Your assignment = Repeat the listing below in full, exactly as it stands.

BEGIN Dataset entries

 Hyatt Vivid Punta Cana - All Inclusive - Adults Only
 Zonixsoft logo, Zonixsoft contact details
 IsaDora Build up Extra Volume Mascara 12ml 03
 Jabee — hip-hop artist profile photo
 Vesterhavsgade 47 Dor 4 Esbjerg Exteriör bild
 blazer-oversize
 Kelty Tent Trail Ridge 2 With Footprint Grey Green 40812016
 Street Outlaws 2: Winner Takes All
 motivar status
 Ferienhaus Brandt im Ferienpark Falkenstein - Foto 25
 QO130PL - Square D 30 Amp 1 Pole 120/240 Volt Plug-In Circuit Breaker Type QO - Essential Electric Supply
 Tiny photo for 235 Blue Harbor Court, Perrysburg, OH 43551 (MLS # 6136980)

END Dataset entries

Task output =
 Hyatt Vivid Punta Cana - All Inclusive - Adults Only
 Zonixsoft logo, Zonixsoft contact details
 IsaDora Build up Extra Volume Mascara 12ml 03
 Jabee — hip-hop artist profile photo
 Vesterhavsgade 47 Dor 4 Esbjerg Exteriör bild
 blazer-oversize
 Kelty Tent Trail Ridge 2 With Footprint Grey Green 40812016
 Street Outlaws 2: Winner Takes All
 motivar status
 Ferienhaus Brandt im Ferienpark Falkenstein - Foto 25
 QO130PL - Square D 30 Amp 1 Pole 120/240 Volt Plug-In Circuit Breaker Type QO - Essential Electric Supply
 Tiny photo for 235 Blue Harbor Court, Perrysburg, OH 43551 (MLS # 6136980)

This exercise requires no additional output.